Undangan disebar di kampung yang bersangkutan dan juga kampung kampung sebelah, baik itu kenalan baik, kenal wajah saja tak kenal nama ataupun tidak kenal sama sekali. Biasanya undangan di bagikan kosong pada pengantar yang mewakili tempat tempat tertentu dan merekalah yang menuliskan nama undangan sekaligus juga mengatar kepada yang bersangkutan.
Memang sih rata – rata sumbangan dari undangan lumayan banyak,untuk ukuran masyarakat kami yang penghasilannya tidak seberapa.  Ibu ibu biasanya memberi sumbangan antara Rp 20.000,- hingga 25.000, paling sedikit Rp 15.000 dibawah itu rasanya jarang. Untuk bapak bapak biasanya lebih tinggi dari itu. Kalau nggak ya malu lah, sebab saat kita nyerahin amplop maka amplop kita akan langsung di buka ditempat dan juga dicatat nama penyumbangnya. Kami pribadi, saya dan suami jarang menuliskan nama di amplop sumbangan dengan alasan untuk menjaga keikhlasan. Namun belakangan rada khawatir juga sih nanti kalau nggak ada nama kita dikira tuan rumah tidak datang atau ada ampop yang sama- sama nggak ada namanya kebetulan isinya lebih sedikit isinya dikirain punya kita, atau lebih parah lagi kita datang tapi dikira tidak nyumbang. Nah lo gimana dong kalau sudah begitu.

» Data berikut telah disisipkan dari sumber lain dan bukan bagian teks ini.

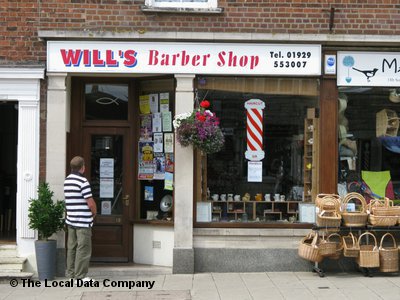 Will&quot;s Barber Shop Wareham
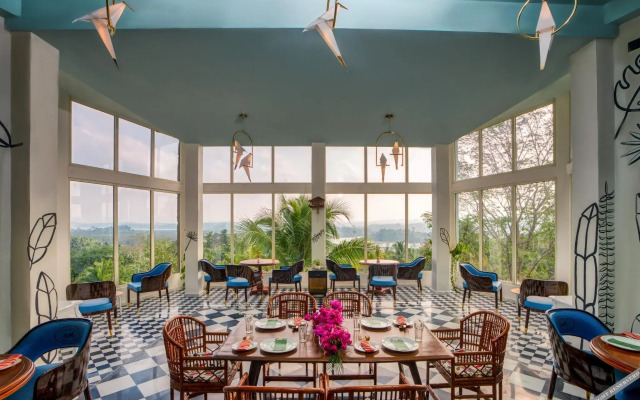 Clarks Exotica Island House, Port Blair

Bagi tetangga dekat yang biasanya juga rewang alias bantu bantu di situ biasanya sumbangan nya lebih banyak lagi, tergantung seberapa dekat hubungan dengan tuan rumah. Atau dulunya waktu dia punya gawe si tuan rumah nyumbang berapa. Jelasnya misalkan si tuan rumah yaitu pak ahmad dulu waktu hajatan di rumah pak budi menyumbang Rp 50.000,- maka pak budi akan menyumbang sejumlah itu. Padahal kalau di anggap investasi rugi ya, habis nya nyumbang nya 5 tahun yang lalu baliknya tetap segitu yah tergerus inflasi lah he he he.

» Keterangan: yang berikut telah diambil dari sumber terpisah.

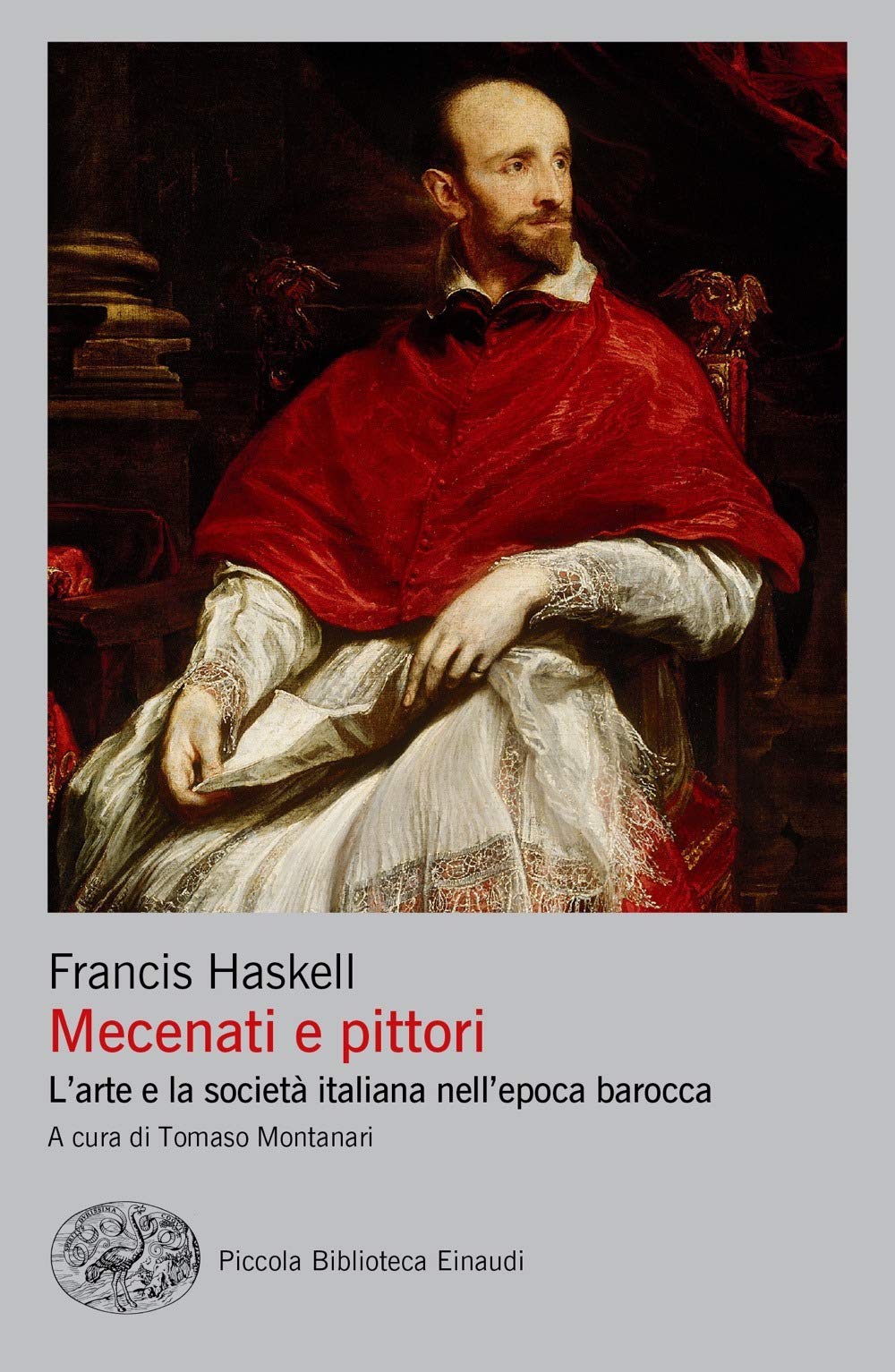 Mecenati e pittori. L'arte e la società italiana nell'epoca barocca Film, Art & Culture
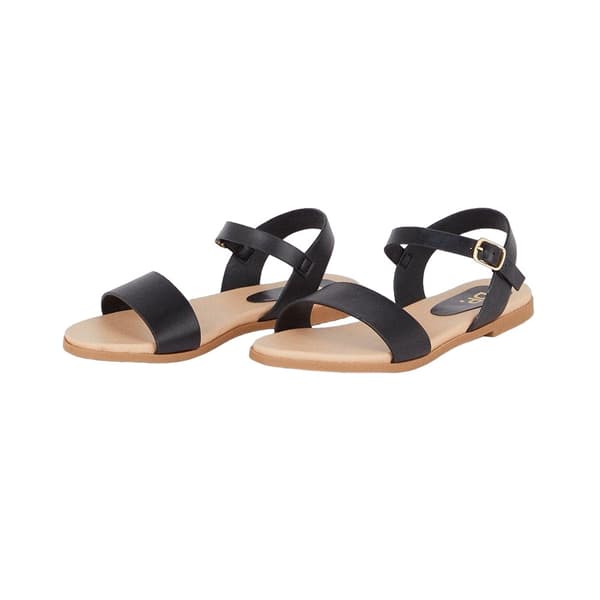 Dorothy Perkins Womens/Ladies Faye Wide Flat Sandals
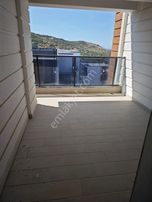 Dikili Ümmetoğlu'ndan 2+1 Dubleks 107 M2 Ferah Daire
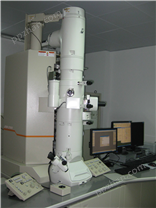 透射电子显微镜（TEM-EDS测试）
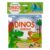 Livro  Dinos Divertidos | Livro de Banho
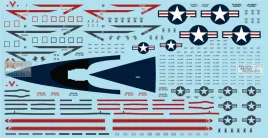 BMA48022 F-14A Tomcat U.S. Navy Teil 1: Desert Storm
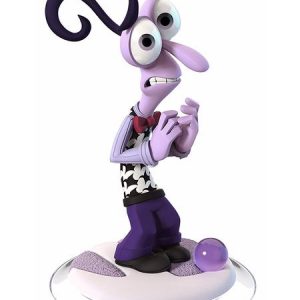 Disney Infinity 3.0 Figure: Fear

Hajatan bagi warga kami memang jadi beban tersediri baik bagi yang punya acara maupun bagi yang diundang. Bagi yang punya hajat harus mempersiapakan banyak biaya , waktu, tenaga dan pikiran untuk menyelenggara acara seperti yang dikehendaki. Bagi yang di undang juga jadi masalah tersendiri kalau dapat undangan sementara keuangan menipis. Karena kadang kala hajatan berdekatan waktunya atau bahkan bersamaan. Seperti mantu biasanya ada musimnya yaitu bulan maulid. Maka akan banyak terdengar keluhan terutama ibu ibu yang sering tidak bisa menyimpan rahasia dapurnya. Mau nggak datang malu sama orang lewat apalagi sudah berhutang. Kalau kita pernah punya acara dan didatangi orang maka di anggap hutang lo,. Akhirnya berangkat juga ,meski untuk menyumbang harus pinjam kanan kiri. Gimana mau ikhlas coba?